Friday, July 1, 2011

A Common View on the War on Drugs


The Cook County board president [Toni Preckwinkle] probably is completely accurate in her assertion that the war on drugs is a failure.
World leaders say it, as did Walter Cronkite.
But here's the catch. If all the cokeheads, meth freaks and OxyContin warriors are released from Cook County jail this week, would Chicago be a better place to live? If we don't jail drug offenders for drug use and sale, do we have to keep them high so they won't rob us for a hit on the coke pipe?
Must we christen an official Pot Hilton? Everybody is stoned and room service is mostly Fritos, ding dongs and pizza at 4 a.m.
If the drug culture is flawed only because we apply a harsh and arbitrary judgment of an addiction, maybe the act isn't the problem; maybe we have a nomenclature glitch.
Maybe we solve the burglary problem by demanding burglars must take more than $500 of your stuff before we call it burglary. Below that figure, it's just Misdemeanor Borrowing Your Stuff Out of Your Home when you're not there.
While the War on Drugs is a lost cause, so is the War of Poverty. That's a greater failure.
In either case, people without jobs and without hope will do drugs because they really work, if only for a few hours. Putting druggies in jail might not be a sustainable policy, but filling the streets with stoned punks isn't either. Maybe we should think harder about jobs.

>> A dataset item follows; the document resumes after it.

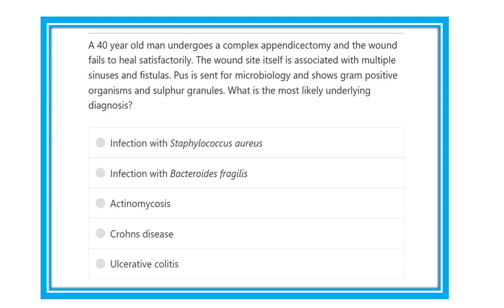A 40-year-old man undergoes a complex appendicectomy and the wound fails to heal satisfactorily. The wound site is associated with multiple sinuses and fistulae. A sample is sent for microbiology and shows a gram-positive organism and sulfur granules. What is the most likely underlying diagnosis?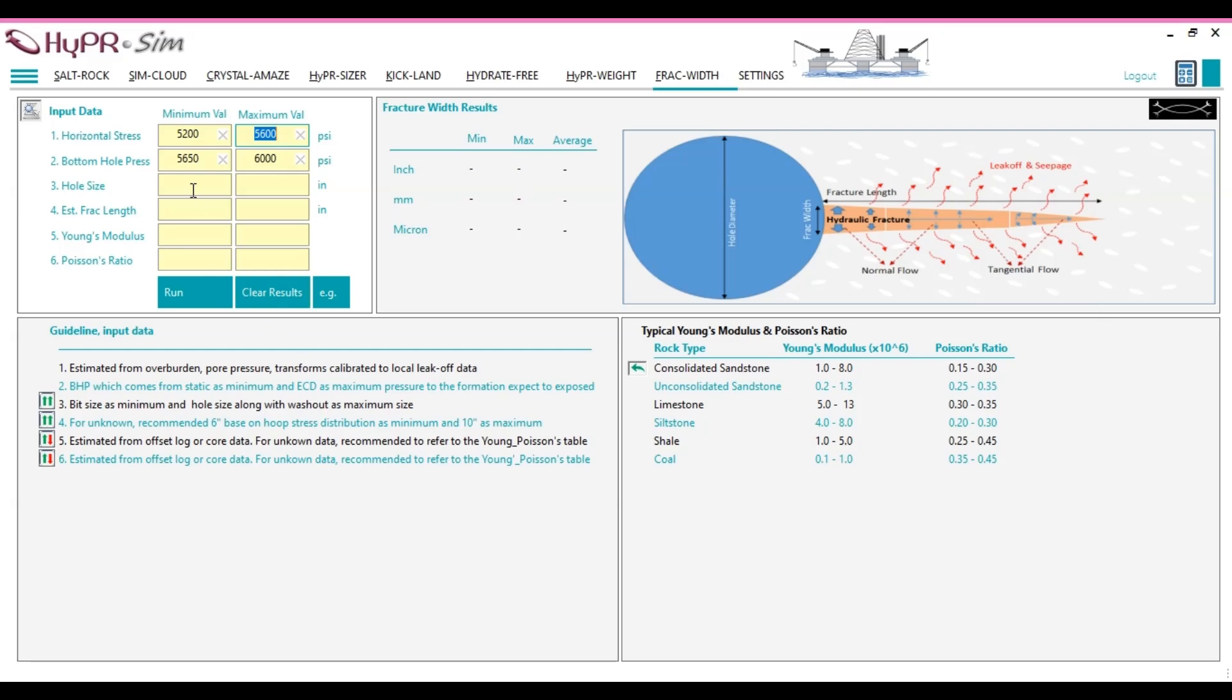As the hole size increases, the hoop stress, the circumferential stress around the borehole, decreases, which increases the risk of fracture in the formation. For this example, let's assume the minimum and maximum hole sizes are 8.5 inches and 9 inches, respectively.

I was originally only going to post only a portion of this but its short and the whole thing needs to be addressed because I think a logical, common, and very flawed argument is being made here. First, I agree that poverty is a serious issue that is related to drugs use in many ways, but addressing jobs will not alleviate the problem when statistics show people in higher income brackets use drugs at comparable rates. Secondly, the call to end the war on drugs is not a call to release all drug related prisoners into the street like in Batman Begins and allow them to freely do lines of blow at the local McDonalds. It is a call to offer better alternatives than simply incarceration, which often leads to a life spent in a vicious cycle imprisonment. Lastly, yes there is a harsh and arbitrary judgment being made but the comparison used above does not fit. The harsh and arbitrary sentencing of drug offenders is vastly skewed towards minorities and has no way of differentiating between those who chronically sell and those whose circumstances don’t warrant the same punishment. Just read the Walter Cronkite article referenced above. The bottom line is that these types of arguments are particularly dangerous because not only are they patently false, they make too much sense to too many people.